Des non-inscrits, plongés dans les regrets

Ils ne se sont pas intéressés aux élections

Je ne me suis pas inscrit dans les listes électorales. Or en regardant comment certains candidats ont mobilisé les populations durant la campagne électorale, l’envie de voter m’a envahi. Malheureusement, je n’avais pas de carte d’électeur. Et je regrette ». Francis Olivier, aurait aimé voter pour Maurice Kamto. « C’est le seul candidat dont le discours m’a séduit, dit-il. La preuve, c’est qu’il a été rejoint par Akere Muna qui a dû suspendre sa candidature ». Le problème ? C’est que ce jeune étudiant n’a pas eu l’occasion d’apporter sa voix au candidat de son choix.

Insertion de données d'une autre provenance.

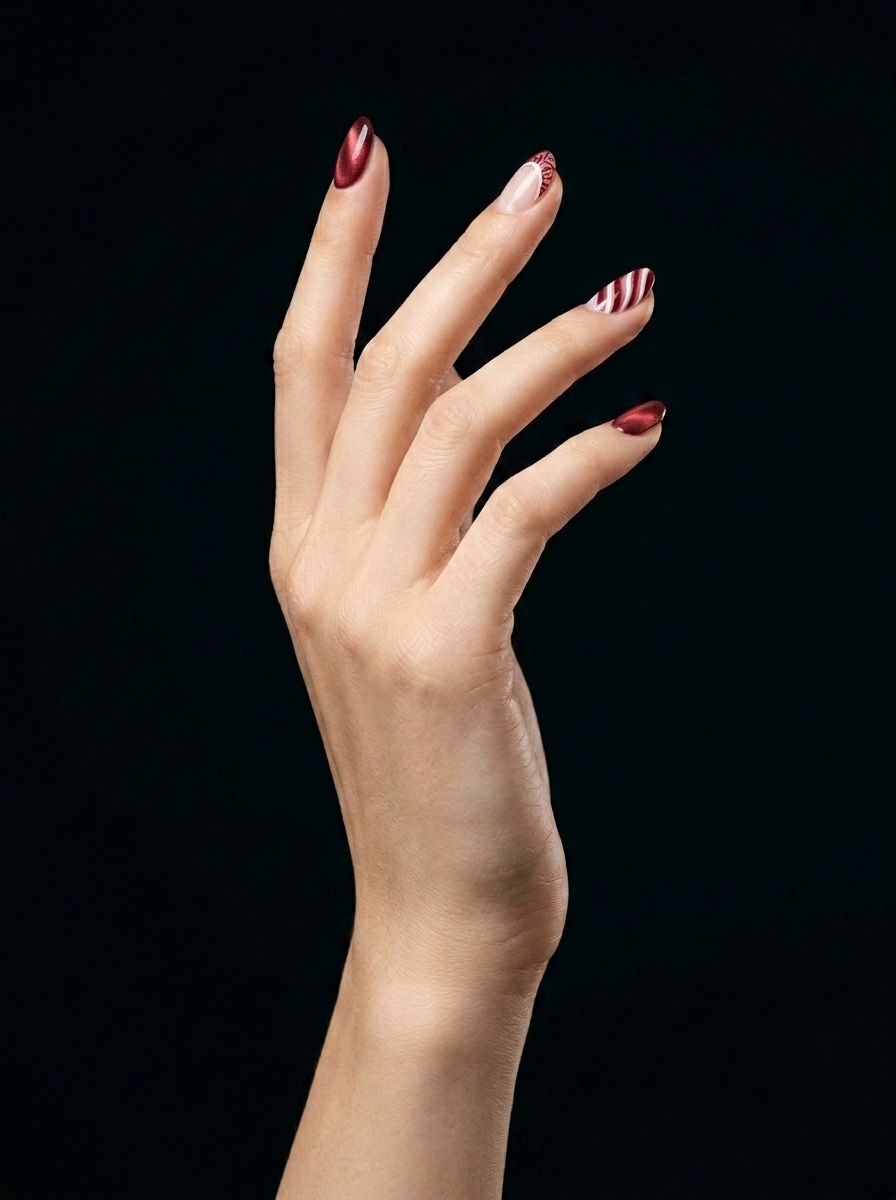 Manicura Navideña Burdeos y Candy Cane, nail art nail_art, color burdeos, forma oval, nails Leander TX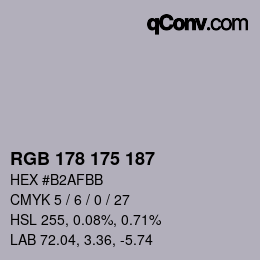 Color code: RGB 178 175 187 | qconv.com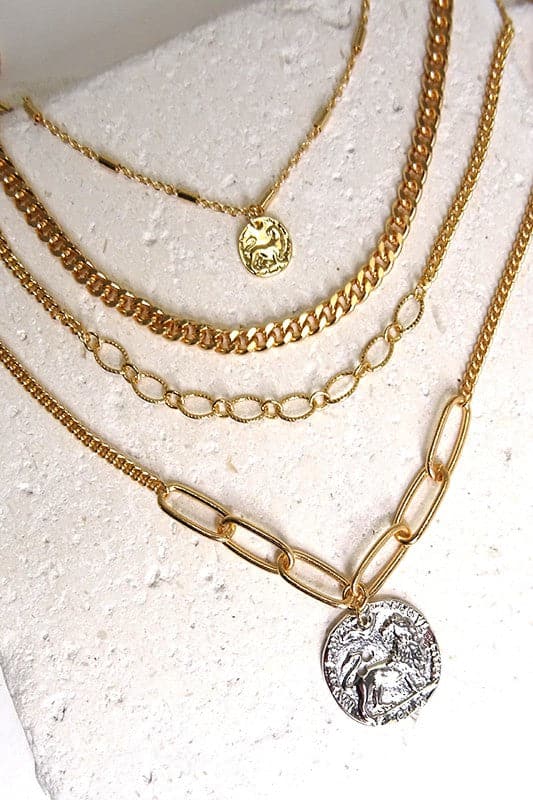  Altah Chain Layered Coin Necklace - kitchencabinetmagic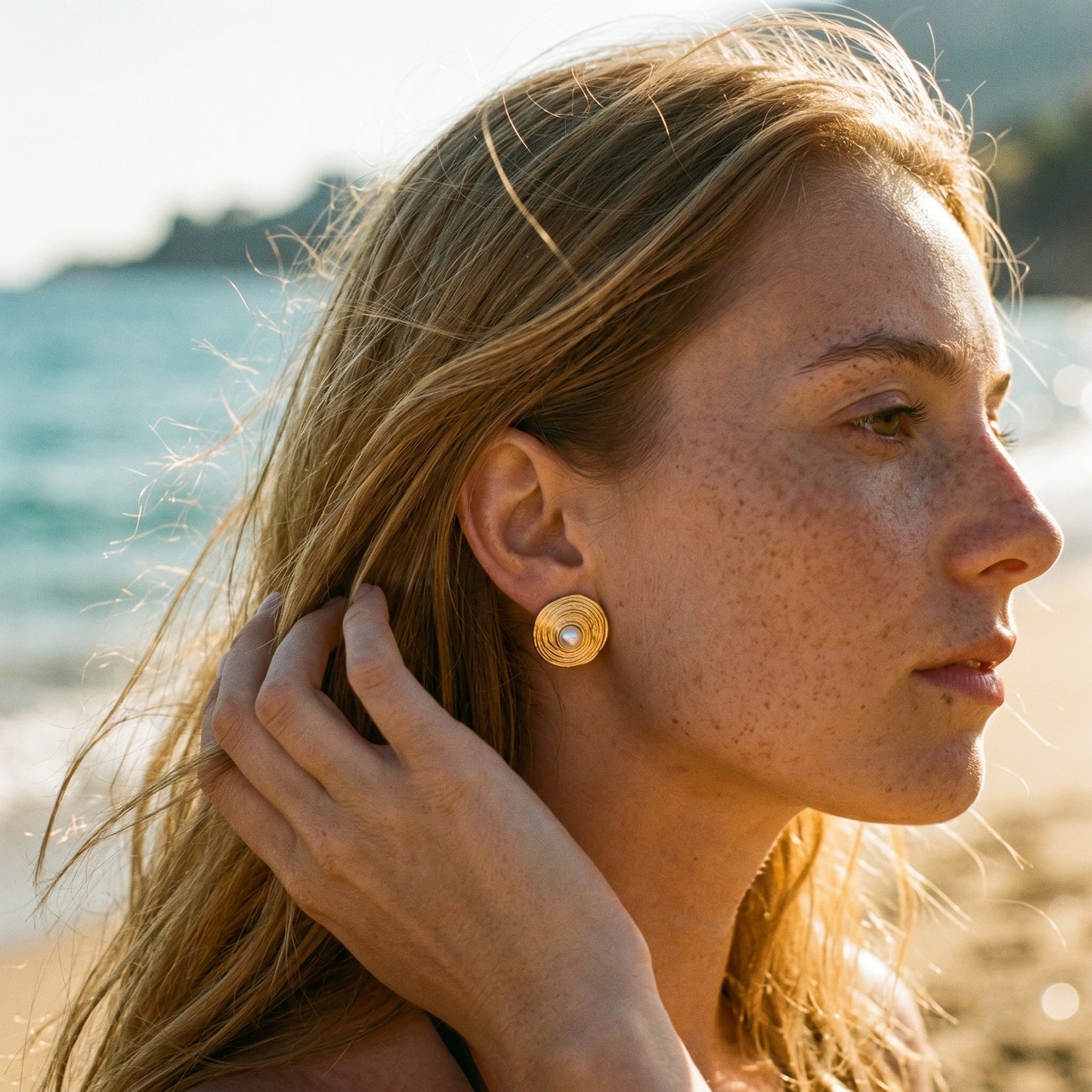 Vintage Swirl Pearl Stud Earrings, 18K Gold Silver Stainless Steel Textured Hoops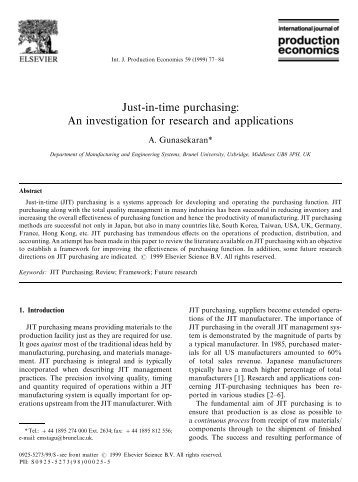 Just-in-time purchasing: An investigation for research and ... - GRACO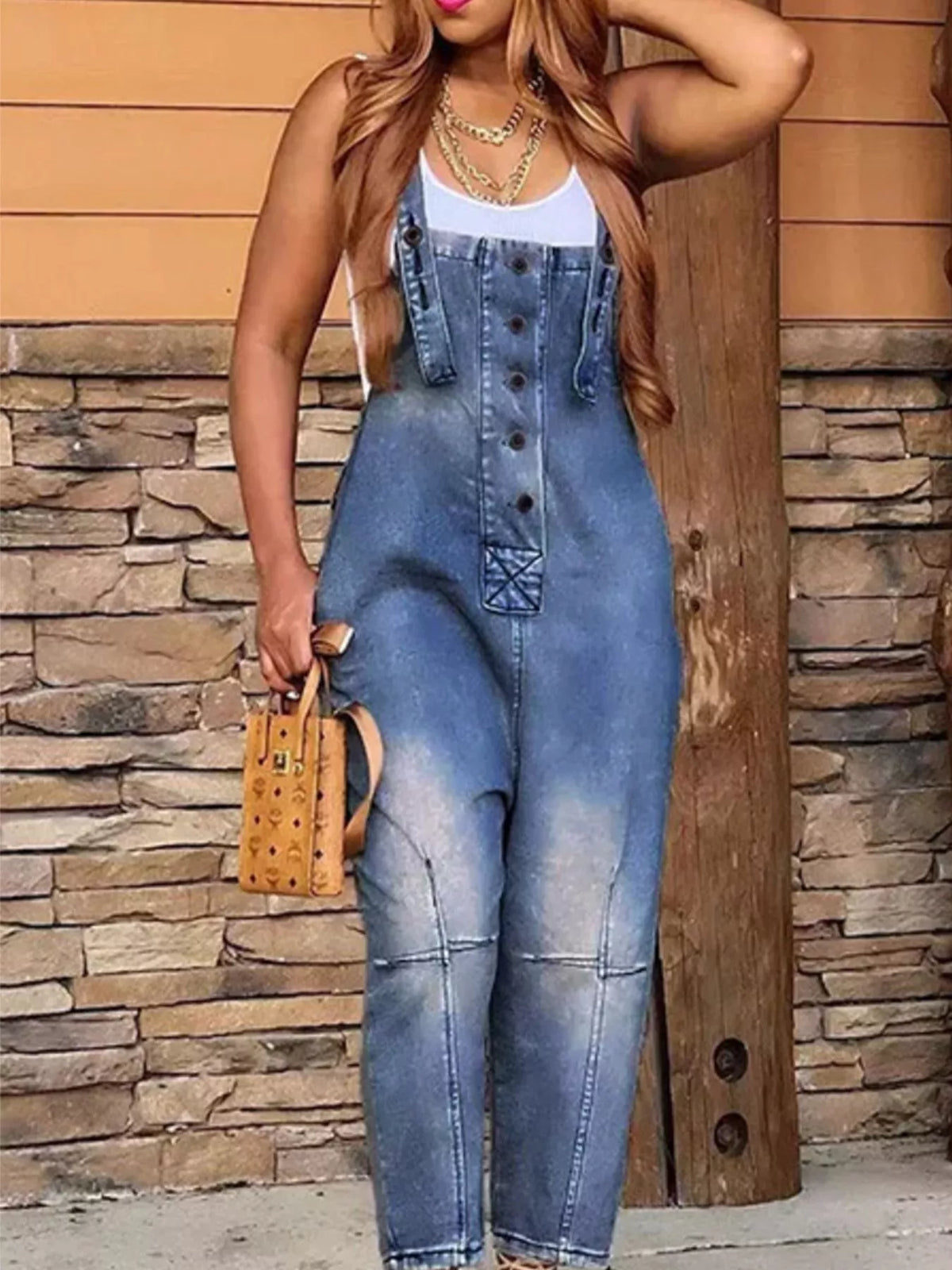 Plus size overalls adjustable strap detail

Et il n’est pas seul dans ce cas. Comme ce jeune homme de 21 ans, beaucoup de Camerounais regrettent de ne s’être pas inscrits à temps, sur les listes électorales. Ils ne peuvent s’en prendre qu’à eux-mêmes. « Je ne me suis pas inscrit sur une liste électorale, compte tenu du fait que j’ai toujours pensé que c’est Paul Biya qui gagne à chaque fois et que les candidats de l’opposition jouent en fait son jeu », lance Clémence Beto, couturière à Yaoundé. Or, dit-elle, « en voyant la fraîcheur et l’audace de Cabral Libii, le désistement d’Akere Muna et l’engagement de Maurice Kamto, j’ai compris que les choses pouvaient bouger. Seulement, il était trop tard ».